Susan Rice - Early Life and Education

Early Life and Education

Rice was born in Washington, D.C., to Emmett J. Rice (1919–2011), Cornell University economics professor and the second black governor of the Federal Reserve System; and education policy scholar Lois (née Dickson) Fitt, currently at the Brookings Institution. Her maternal grandparents were Jamaican. Her parents divorced during her youth.

Rice was a three-sport athlete, student council president, and valedictorian at National Cathedral School in Washington, D.C., a private girls' day school. She played point guard in basketball and directed the offense, acquiring the nickname Spo, short for "Sportin’."

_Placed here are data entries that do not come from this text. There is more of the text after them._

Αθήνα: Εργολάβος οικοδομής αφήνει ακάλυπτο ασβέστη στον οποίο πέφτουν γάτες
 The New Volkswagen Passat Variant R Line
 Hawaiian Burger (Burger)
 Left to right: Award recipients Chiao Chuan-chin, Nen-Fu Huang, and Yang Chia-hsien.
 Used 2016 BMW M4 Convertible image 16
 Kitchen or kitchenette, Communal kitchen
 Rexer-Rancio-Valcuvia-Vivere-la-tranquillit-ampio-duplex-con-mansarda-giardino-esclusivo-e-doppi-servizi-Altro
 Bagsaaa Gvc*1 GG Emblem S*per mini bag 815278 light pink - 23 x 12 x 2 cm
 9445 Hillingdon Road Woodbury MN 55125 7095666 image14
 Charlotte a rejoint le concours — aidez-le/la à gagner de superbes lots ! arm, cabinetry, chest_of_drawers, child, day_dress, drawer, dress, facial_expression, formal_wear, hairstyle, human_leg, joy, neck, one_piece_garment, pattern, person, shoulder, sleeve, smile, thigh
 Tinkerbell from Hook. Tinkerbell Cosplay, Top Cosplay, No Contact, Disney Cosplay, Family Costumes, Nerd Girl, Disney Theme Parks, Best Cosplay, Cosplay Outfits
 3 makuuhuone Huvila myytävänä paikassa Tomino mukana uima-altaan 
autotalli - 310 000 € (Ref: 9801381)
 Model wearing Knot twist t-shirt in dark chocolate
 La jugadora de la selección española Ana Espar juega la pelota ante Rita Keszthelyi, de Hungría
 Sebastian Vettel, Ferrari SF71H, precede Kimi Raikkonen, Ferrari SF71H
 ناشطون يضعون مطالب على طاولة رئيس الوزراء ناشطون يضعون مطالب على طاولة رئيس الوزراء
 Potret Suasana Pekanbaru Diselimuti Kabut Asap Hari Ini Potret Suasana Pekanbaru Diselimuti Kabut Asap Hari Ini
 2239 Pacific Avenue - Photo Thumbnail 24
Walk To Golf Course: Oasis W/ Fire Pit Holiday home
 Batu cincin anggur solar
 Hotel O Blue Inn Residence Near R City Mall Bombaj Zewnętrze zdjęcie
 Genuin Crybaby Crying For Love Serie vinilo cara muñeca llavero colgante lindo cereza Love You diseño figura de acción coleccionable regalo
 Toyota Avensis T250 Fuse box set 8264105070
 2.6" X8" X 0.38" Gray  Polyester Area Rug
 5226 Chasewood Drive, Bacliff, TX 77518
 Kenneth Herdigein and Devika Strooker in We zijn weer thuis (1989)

Rice said that her parents taught her to "never use race as an excuse or advantage," and as a young girl she "dreamed of becoming the first U.S. senator from the District of Columbia." She also held "lingering fears" that her accomplishments would be diminished by people who attributed them to affirmative action. After her father's death in 2011, she said, “He believed segregation had constrained him from being all he could be. The psychological hangover of that took him decades to overcome. His most fervent wish was that we not have that psychological baggage.”

Rice attended Stanford University, where she received a Truman Scholarship, and graduated with a B.A. in history in 1986. She was elected to Phi Beta Kappa.

Awarded a Rhodes Scholarship, Rice attended New College, Oxford, where she earned a M.Phil. in 1988 and D.Phil. in 1990. The Chatham House-British International Studies Association honored her dissertation entitled, "Commonwealth Initiative in Zimbabwe, 1979-1980: Implication for International Peacekeeping" as the UK's most distinguished in international relations.